Saturday Mat and I left Garmisch hoping to do an alpine climb. But the Engadin valley, our hopeful destination, was wrapped in clouds. Mat was keen on climbing the Grossglockner, so we figured we could first do some sport climbing in Zirl, then drive down there in the evening.
First the sport climbing was really fun. We did a route with 4 short pitches of 5+, 6, 5, 5. Mat led the first two pitches as one, then I led the second set. We rapped the route. Next door was a harder route with pitches of 7-,5+,7,5. Mat led the 7 pitches, both of which had cruxes too hard for me, so I had to pull on quickdraws and hang liberally. I led the easier pitches, the first of which was pretty run out. This time we walked down. I brought my camera but forgot the memory card, so there are no pictures of this trip. Alas!

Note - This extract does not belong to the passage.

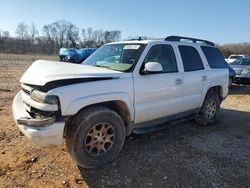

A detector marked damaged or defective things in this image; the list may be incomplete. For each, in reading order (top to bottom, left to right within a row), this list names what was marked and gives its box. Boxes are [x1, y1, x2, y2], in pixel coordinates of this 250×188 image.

Later after a pizza dinner we drove to the Franz Josef Hoehe and bedded down for the night at 1 am. Our alarm was set for 3 am! We were hiking a bit before 3:30, and making for the Pavacinni Couloir. After a long walk up the glacier in crampons, Mat thought he saw where we should turn up to gain the bivy shelter near the base of the route. But on the map it showed complete glacier coverage, while in the pre-dawn darkness it was clear there was no glacier. I thought it must be the next rock outcrop where we turn up, which had a big white glacier in front of it.

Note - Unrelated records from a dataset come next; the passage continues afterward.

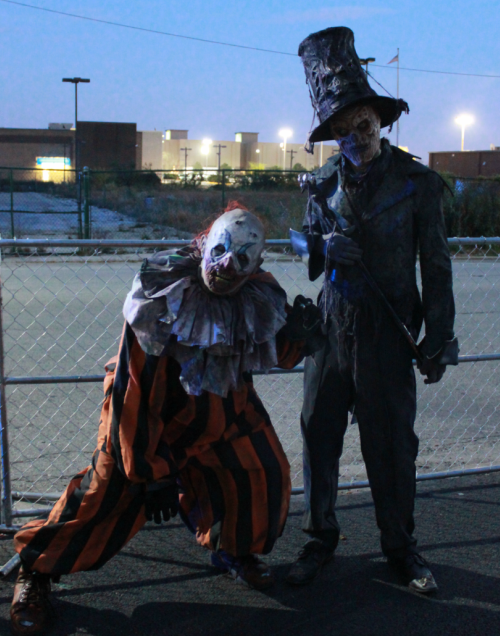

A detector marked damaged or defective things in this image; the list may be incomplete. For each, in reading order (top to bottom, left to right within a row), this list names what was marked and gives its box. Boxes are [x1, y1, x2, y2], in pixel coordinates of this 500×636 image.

clown's torn costume [11, 210, 320, 636]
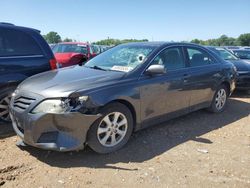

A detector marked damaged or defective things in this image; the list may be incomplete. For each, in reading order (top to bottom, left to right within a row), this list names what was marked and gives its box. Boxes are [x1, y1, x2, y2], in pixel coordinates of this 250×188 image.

damaged front bumper [9, 92, 101, 151]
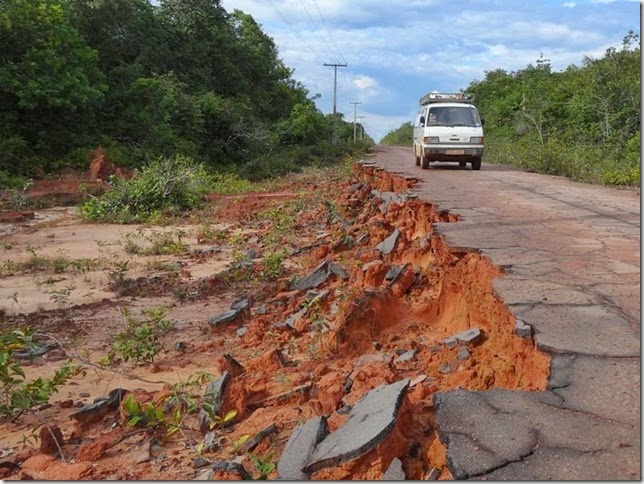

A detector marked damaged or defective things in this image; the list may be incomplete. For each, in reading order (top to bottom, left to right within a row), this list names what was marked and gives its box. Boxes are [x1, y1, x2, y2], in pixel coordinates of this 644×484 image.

broken pavement chunk [374, 229, 400, 255]
cracked asphalt [368, 147, 640, 480]
broken pavement chunk [512, 320, 532, 338]
broken pavement chunk [201, 370, 234, 432]
broken pavement chunk [276, 416, 328, 480]
broken pavement chunk [304, 378, 410, 472]
broken pavement chunk [380, 458, 406, 480]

Once on the side glacier we were climbing fairly steeply up ice slopes. It had been more than a year since I’d been on such slopes, and it was hard to get used to again. Finally we were front-pointing and using two axes. My floppy boots and old style crampons were proving to be no match for this terrain. While following Mat up an ice gully a crampon slipped and I was caught by my tools. This was creepy. We got up to a flatter area and I tightened my boots and crampons which I really needed to do. I didn’t expect such icy uncompromising terrain, and worried a little about the big couloir we hadn’t even gotten close to yet.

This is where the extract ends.